Yo, Just want to say hi, I think this site is excellent! Kudos to the web admin. I just wanted to share my first time experience with my 11 yr old and 8 yr. First off, I always desired to learn snowboarding and why I wanted so long is beyond me. Anyway I challenged my boys to a "fun fastest learner" competition. It started @ Camelback MTN. Pa. with a 1 hour private lesson with individual instructors for each of us at 9am. Well by 1030am my 11 yr old smoked us by being the first of the magic carpet and on the lift. After lunch at 1pm my 8 yr old and me were also on the lift. The good news is I only caught one bad back side edge the damaged my new Red helmet but no stars and no concussion so I got up and continued. We had a blast for two days riding every green trail. I was able to ride and climb a few berms with my 11 yr old not as good as him though. Also by 6pm on day two I and my boys successfully rode two rails in the progression park. My kids were stoked. To go from private lessons sat. To top of the mountain Sunday add in a little free style it was awesome and a judge success. I look forward to next season and we will all have our own boards. So any input or comments feel free and thanks for having me.


----------



## wrathfuldeity (Oct 5, 2007)

nice,
best investment ever with the kids
welcome


----------



## HuskyFlip (Mar 2, 2010)

Nice!
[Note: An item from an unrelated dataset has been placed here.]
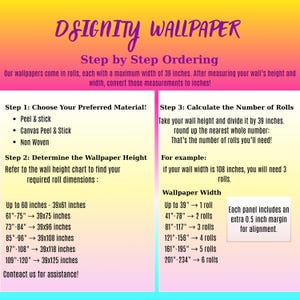 May include: A graphic with wallpaper ordering instructions. It details choosing materials, determining height, and calculating rolls. Measurements are in inches, with a maximum width of 99 cm. Includes a chart for roll dimensions and a contact for assistance.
I just started this year at 40 as well. The first-timer group lesson I took, I was lumped in with a 40-something mom (an attractive one at that) who was learning with her teenage daughters. Power to the young at heart! I expect my 10 year old daughter will want to try soon, so I was taking this half season to get ahead of her at least to be in a confident position to coach, like getting on/off the lift, etc. if she wants to try it next year.


----------



## Amarc (Mar 15, 2011)

If in the budget I highly recommend private lessons. Yes I paid $125 for the hour for each of us but it was the best 375 I ever spent. To watch and 8 & a 10 year go from private lesson to top of the Mountain in two days was a proud moment. Be able to "somewhat" stay with them on the slopes was even better. Enjoy and maybe see you on the slopes next year.


----------



## david_z (Dec 14, 2009)

Definitely a great move taking the kids out with you! I've been working on my wife, getting her more in to the sport so that it is something we can do together (as opposed to something I just do with my friends) and we took my nephew out a few times last year & this year - it gives me an excuse to get out to the hill & gets us quality time together. You better believe when I have kid(s) as soon as they're old enough they'll be strapping in to a board. Or skis... but hopefully a board


----------